29/12/2019
Sagradas Familias
Si 3, 2-6. 12-14
Sal 127, 1-5
Col 3, 12-21
Mt 2, 13-15. 19-23
Vivimos en un mundo en permanente proceso; todo
está en construcción. El Reino va creciendo misteriosamente. Por eso, la fiesta
de hoy no pretende decirnos lo que la familia es, sino aquello a lo que está
llamada a ser. La familia de la que nos habla hoy el Sirácida más allá de su evidente
sesgo patriarcal, típico de un tiempo que ya pasó, nos presenta un ecosistema
en el que lo definitivo no se identifica por su valor social, sino por el que
asigna a cada persona. Cada miembro tienen su papel y es la conjunción de todos
ellos lo que origina el nacimiento de la familia como célula básica en la que
se pueden aprender valores que el grupo social considera aceptables.

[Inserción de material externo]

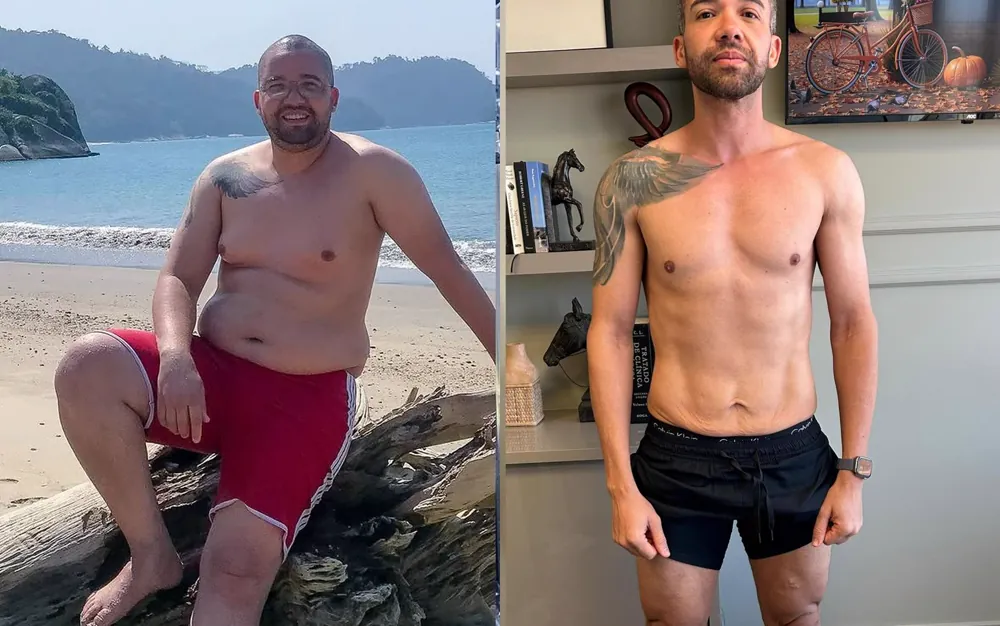 antes e depois · Marcelo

La familia, sea cual sea y se organice como se
organice, tiene su valor intrínseco en la relación que se da entre sus miembros
y en el papel educativo que desempeña. La carta a los colosenses nos pone sobre
la pista de la motivación fundamental: es el amor lo que debe catalizar la vida
familiar. Con amor, cualquier familia puede ser el centro de la vida personal
de sus componentes; sin él, se convierte en un marco opresivo que arrastra a todos
a una espiral destructiva. Una familia donde reina el amor será signo luminoso
allí donde esté y se convertirá en metáfora apropiada para explicar el
funcionamiento social; será modelo apetecible por todos hasta el punto de poder
explicar las diversas relaciones sociales, profesionales, económicas, de
amistad, religiosas… en términos familiares. Si no, no lo será, por muy
tradicional que sea. El amor, ya lo hemos dicho otras veces, no tiene nada que
ver con un sentimiento de apego ni, mucho menos, con intento alguno de
dominación. El amor se cifra, únicamente, en buscar el bien del otro y está más
relacionado con la voluntad que con el sentimentalismo. Es voluntad de que el
otro sea feliz: querer querer; determinada determinación de que alcance lo
mejor.
Sólo desde esa determinación se puede comprender
que José pusiera a su familia rumbo a Egipto, lo cual ahora parece sencillo e
incluso romántico, pero no debió serlo. No lo fue, de hecho. La gran mayoría de
los intérpretes consideran que éste, como tantos episodios de la infancia de
Jesús, fue “construido” para poner al niño en sintonía con las profecías
mesiánicas o como presentación de cuestiones que Mateo y Lucas tratarán después
por extenso en sus respectivos escritos. Por eso, entre otras cosas,
celebrábamos la semana pasada su nacimiento en Belén, por eso subrayamos hoy su
procedencia egipcia, a imagen del pueblo llamado por Dios desde su más tierna
“infancia” y recordamos que será llamado nazareno (“nazoraios”), aunque esta
profecía no se encuentre en ningún texto conocido, ni canónico ni apócrifo,
vinculado a la tradición veterotestamentaria. En esa familia primigenia se
vivía ya una liturgia de lo cotidiano que lo ponía todo en referencia a
Dios al descubrirlo en la normalidad del día a día. Por eso era Sagrada, porque
en ningún momento se entendía separada de Dios y todo estaba siempre en función
del bien de los demás. La comunicación en sueños, habitual en los patriarcas,
nos habla de una comprensión del mundo según Dios mismo; la nula pereza ante
semejante viaje nos da cuenta de su disposición para obrar siguiendo una revelación
percibida como habitual. Sagradas son las familias en las que todo es en Dios con la familiar naturalidad de los que se aman.